Sergei Soloviev, a Russian director, producer, screenwriter and actor, died on Dec. 13, apparently of a heart attack, at the age of 77.
Soloviev was born in Karelia and expressed a strong interest in theater and film from an early age, performing as a child in productions of the Leningrad Big Theater and children’s programming on Leningrad television. After graduating from the directorial department of the State Cinema Institute in Moscow in 1968, he worked in both television and film, in particular directing many films at Mosfilm.
In the 1990s he also directed plays in the Moscow Theater on Taganka and the Maly Theater.

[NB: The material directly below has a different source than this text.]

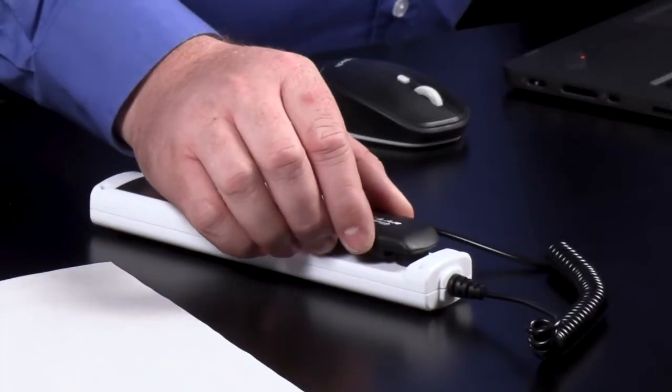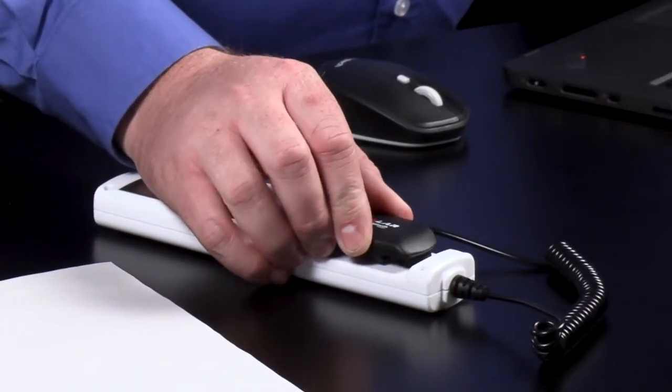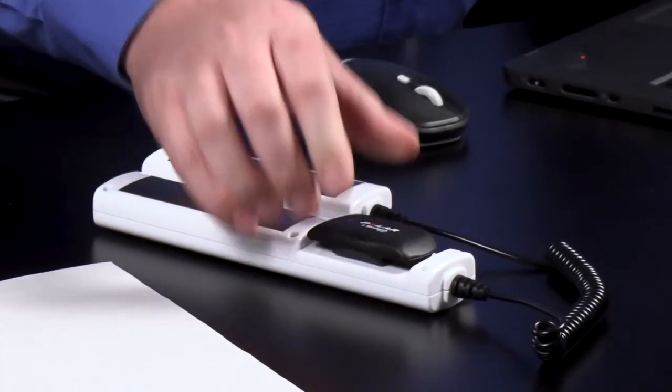We'll demonstrate using the sensor with the hand grips, but the process for the chest strap is exactly the same. First, we'll place the heart rate module into the hand grips. It simply snaps into place in any orientation.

One of his earliest films, “One Hundred Days After Childhood,” won the award for best director at the Berlin Film Festival in 1975.
Soloviev is most renowned for his film trilogy: “Assa” (1987); “The Black Rose is an Emblem of Sorrow, the Red Rose is an Emblem of Love” (1989); and “House Under the Starry Sky” (1991), which conveyed something of the disorientation and disintegration of society in the late Soviet period. The first two films had musical scores of rock music by Boris Grebenshchikov and his band Akvarium, among others, and rock musicians such as Afrika (Sergei Bugayev) and Viktor Tsoi as performers.
Soloviev played an important role in steering the filmmakers’ unions through the early post-Soviet period as head of the Moscow Filmmakers Union from 1991 to 1994 and the Russian Filmmakers Union from 1994 to 1997. He was awarded many prizes over his career, included the title of People’s Artist of Russia, granted in 1993.
Funeral arrangements have not yet been made public.